Requirement » Would you restate, word for word, only the lines starting at the one with "هتل Bajo Shekvetili" and ending with the final line of the entries below? Pictures stay out.

Data records »

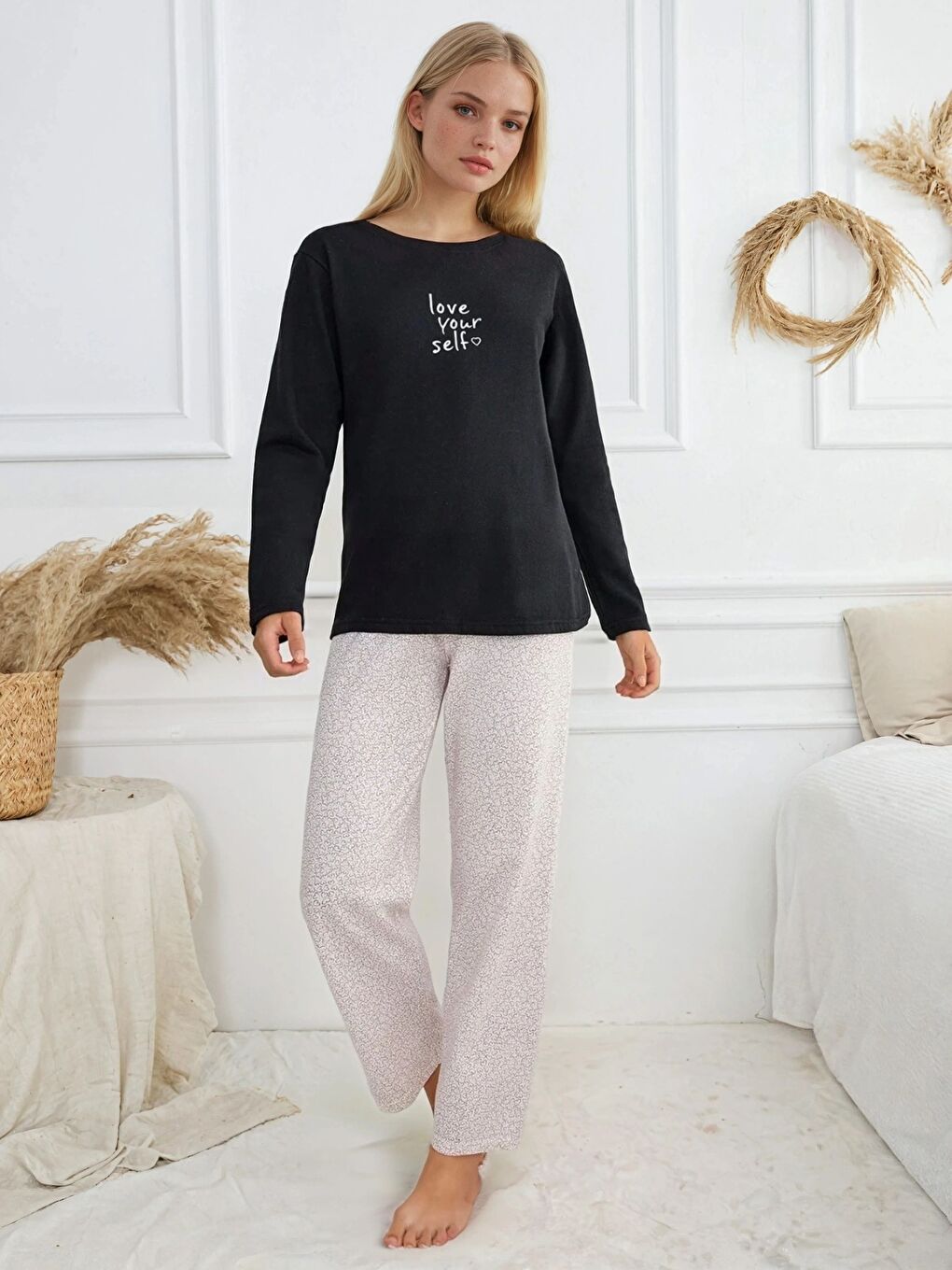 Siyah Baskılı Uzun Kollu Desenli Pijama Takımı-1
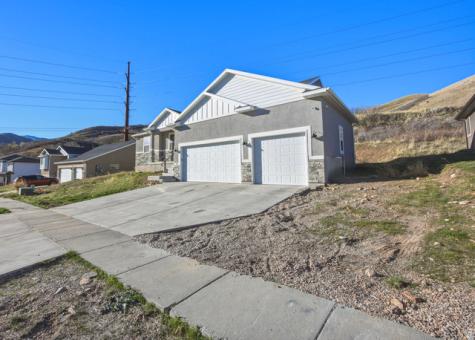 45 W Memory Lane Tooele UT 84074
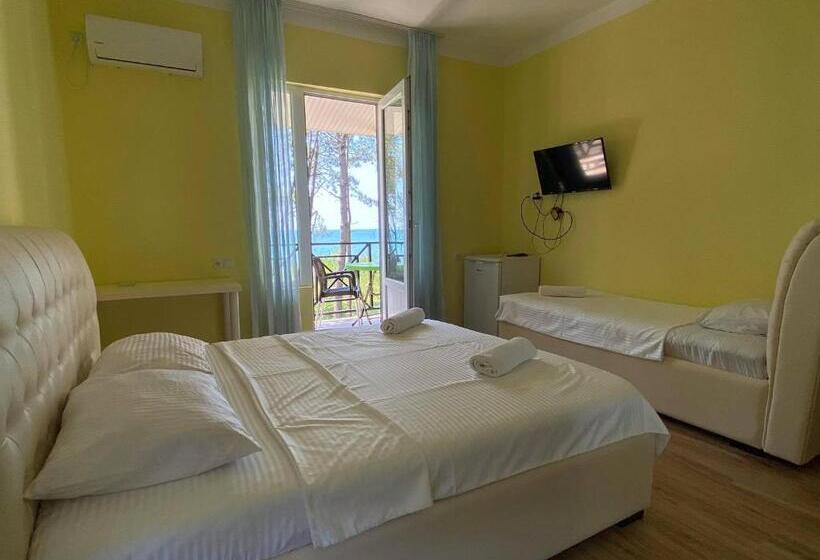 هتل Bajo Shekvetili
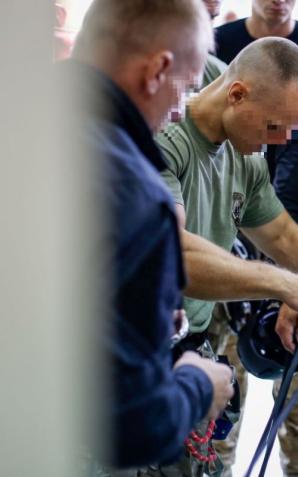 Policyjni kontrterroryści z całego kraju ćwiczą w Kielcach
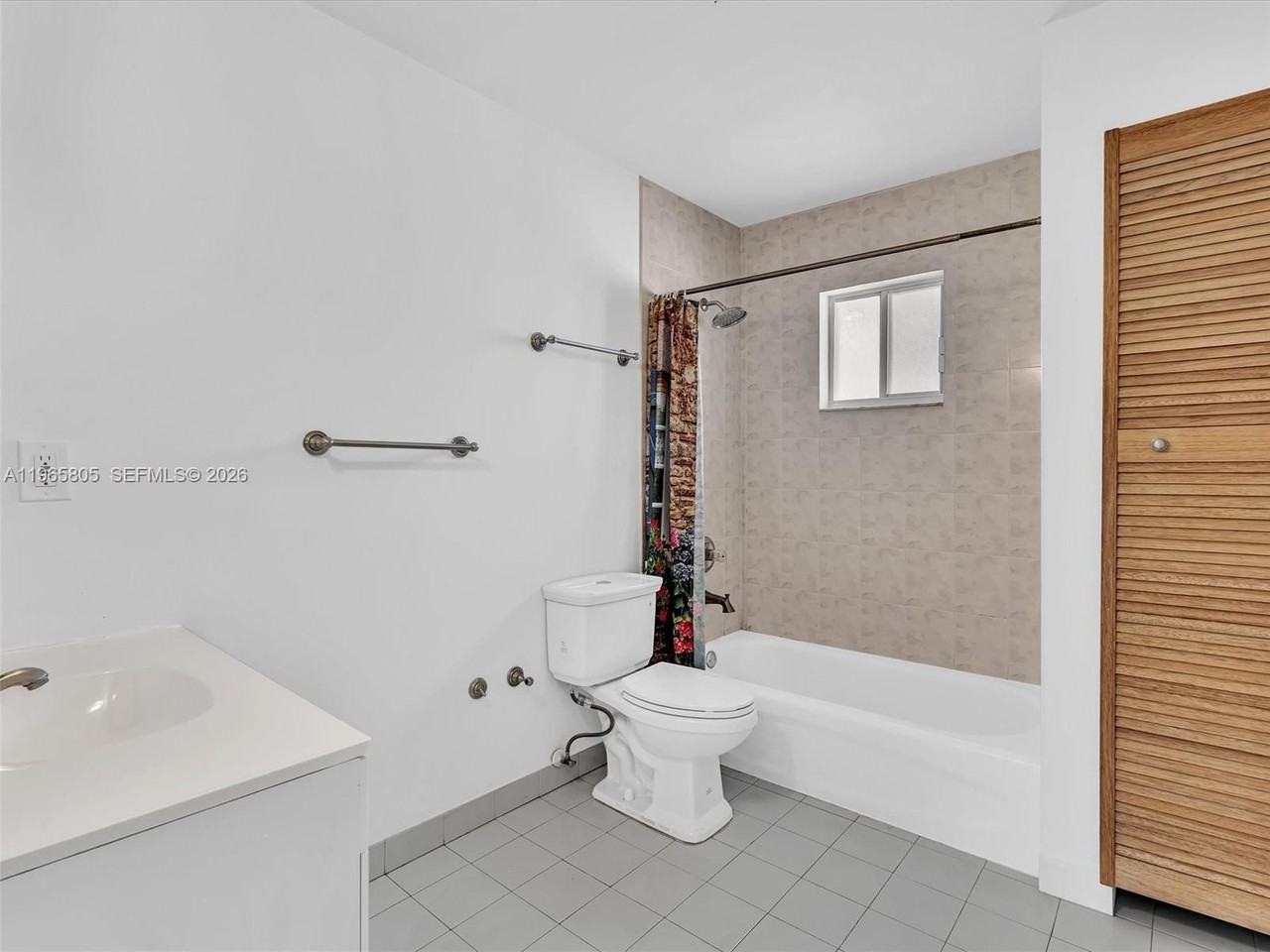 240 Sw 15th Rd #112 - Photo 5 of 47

Solution to the exercise »
 هتل Bajo Shekvetili
 Policyjni kontrterroryści z całego kraju ćwiczą w Kielcach
 240 Sw 15th Rd #112 - Photo 5 of 47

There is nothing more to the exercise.